In October 2013, a jury convicted Desai, a medical device manufacturer, of failing to report his family’s foreign bank accounts to the government on tax returns and FBARs.  The jury also found that Desai failed to disclose more than $1.2 million in interest income generated by these accounts between 2007 and 2009.  Desai was sentenced by U.S. District Judge Edward J. Davila. 
 According to the evidence presented in court, Desai controlled several foreign bank accounts at HSBC in India and Dubai, including accounts held in the name of his wife and adult children.  Desai invested the funds in these accounts in certificates of deposit, which earned interest at rates as high as nine percent.  Desai funded these accounts by mailing checks from the United States and by transferring money from other undeclared bank accounts in Singapore and the United Kingdom to his family’s accounts in India.  Desai also sold medical devices abroad, and, on at least one occasion, directed that his customer wire funds directly to his undeclared HSBC India account. 
 Between 2007 and 2009, Desai paid approximately $17,000 in taxes.  However, Desai owed an additional $357,783 in taxes to the IRS on his unreported interest income.  Desai’s deposits into his foreign accounts also far exceeded the income he disclosed on his tax returns each year.  In 2008, for example, he deposited nearly $1.1 million into foreign accounts while only reporting income of $115,810.91 on his tax return. 
 The evidence at trial demonstrated the steps Desai took to conceal his family’s foreign accounts from the government.  In addition to failing to report his accounts on tax returns and FBARs, Desai also directed the bank not to mail bank statements to his house.  On one occasion, Desai wrote an email in which he asked an HSBC banker: “Why are all the statements coming to Home address?  I thought we had a different arrangement.”
I am seeking some detail on the sentencing and, if I get it, may post more.  In the meantime, my comments are:


  1. From the objective indicators above, Desai's attorneys did a helluva job in getting this sentence, given that he did not plea.  What would have been the sentence had he pled?

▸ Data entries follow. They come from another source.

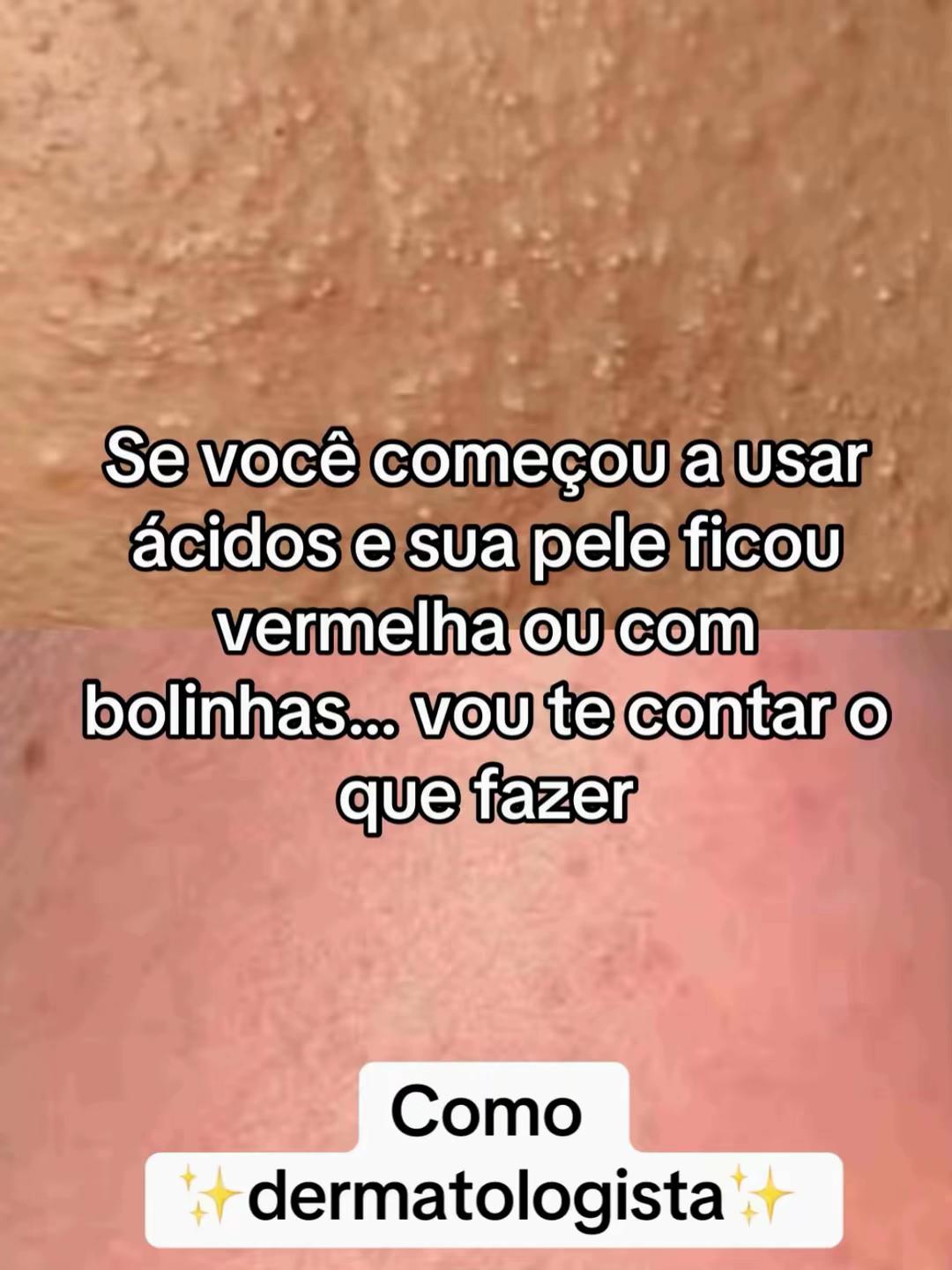 @Marina Morais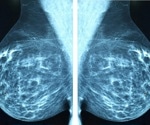 New therapeutic approach targets undruggable protein driving aggressive breast cancer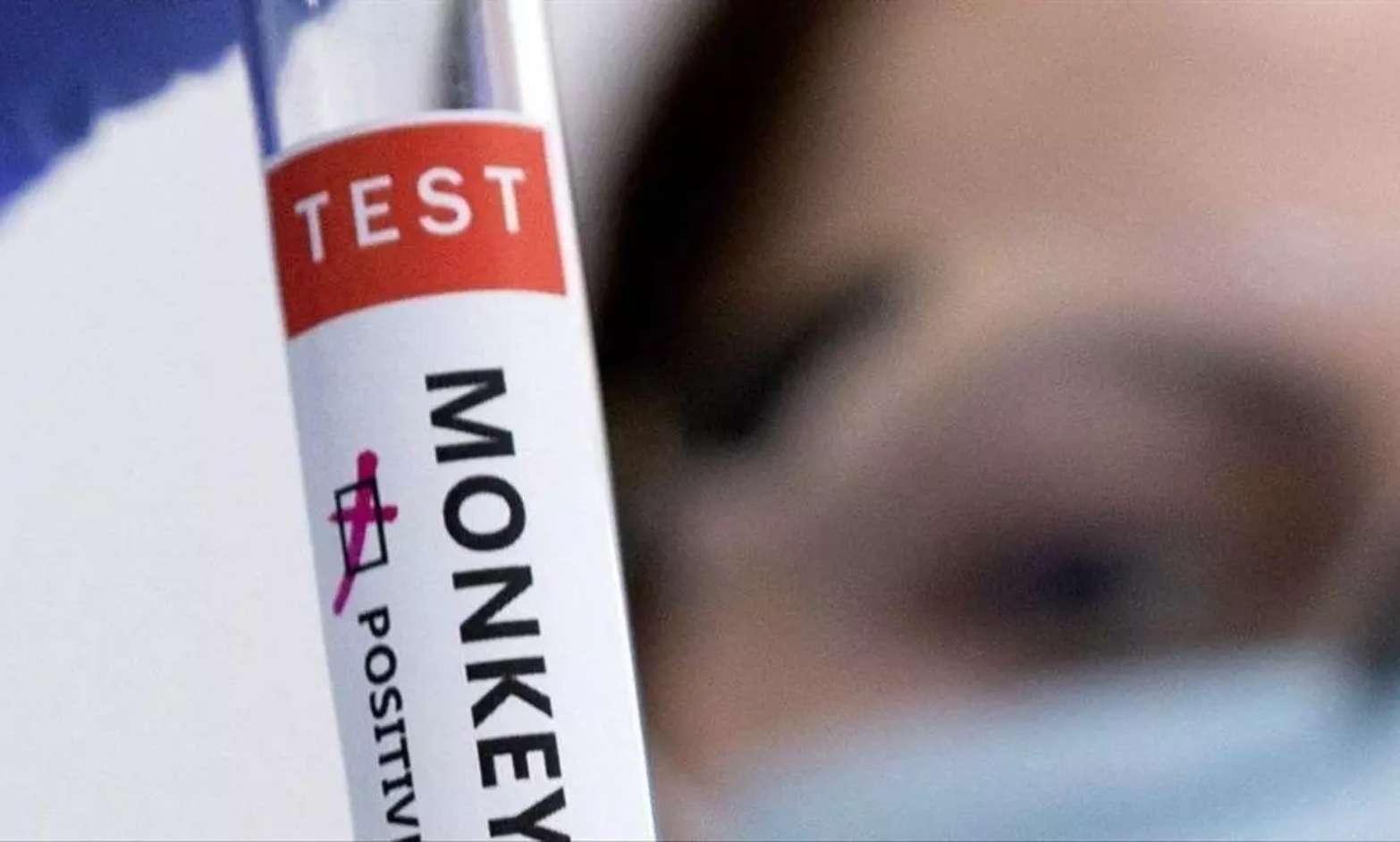 Reino Unido detecta nueva cepa de la viruela del mono en viajero procedente de Asia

  2. Considering the indicated high balance of around $8 million and the reported FBAR penalty of over $14 million, I presume the IRS asserted multi-year willful penalties which, apparently, he has not paid.  I would presume that, unless the IRS backs off, there will soon be some litigation in which the Excessive Fines Clause will again be in play.  However, just superficially, it looks like his facts may be worse than Zerner's.  And, same question as #1:  what would the penalty have been had he pled.  (Readers will recall that, on pleas as reported, the maximum FBAR penalty has been 50% in the single high year.

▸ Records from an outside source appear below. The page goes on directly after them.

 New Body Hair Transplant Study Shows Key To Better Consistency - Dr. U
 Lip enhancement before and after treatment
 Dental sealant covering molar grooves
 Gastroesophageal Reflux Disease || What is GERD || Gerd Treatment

  3. Note that he funded the offshore accounts by mailing checks.  Of course, had he wired the money from U.S. banks, a record and argument for his transparency to the U.S.  But, he chose a stealth way to fund the offshore accounts.  Not good in terms of willfulness -- both for income tax and for FBAR.

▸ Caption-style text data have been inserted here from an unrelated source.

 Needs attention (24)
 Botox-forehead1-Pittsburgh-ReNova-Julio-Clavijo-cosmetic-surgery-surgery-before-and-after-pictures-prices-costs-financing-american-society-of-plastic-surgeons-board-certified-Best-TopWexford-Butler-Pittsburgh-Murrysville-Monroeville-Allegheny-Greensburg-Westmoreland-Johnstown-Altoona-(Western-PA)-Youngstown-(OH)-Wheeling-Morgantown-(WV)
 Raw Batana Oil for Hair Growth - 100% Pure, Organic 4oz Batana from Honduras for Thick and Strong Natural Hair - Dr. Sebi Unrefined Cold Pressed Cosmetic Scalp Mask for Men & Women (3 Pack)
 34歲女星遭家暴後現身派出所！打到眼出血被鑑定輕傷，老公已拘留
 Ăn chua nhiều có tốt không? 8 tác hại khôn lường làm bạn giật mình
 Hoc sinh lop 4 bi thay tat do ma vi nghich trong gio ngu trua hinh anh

  4. Be careful what you email your enablers.  This advice may be a bit late, but perhaps persons considering opting out or certifying nonwilfulness may want to review the emails to the enablers that may wind themselves into the Government's hands.

25 comments:

  1. Laura Sommer Skrynski, CEOJuly 13, 2014 at 10:29 AM

    Jack, why would you think the IRS is backing off here ? Mr. Ashvin Desai facts are worse than Zerner's. Considering the indicated high balance of around $8 million and the reported FBAR penalty of over $14 million I would be actually surprised to see some litigation in which the Excessive Fines Clause will again be in play.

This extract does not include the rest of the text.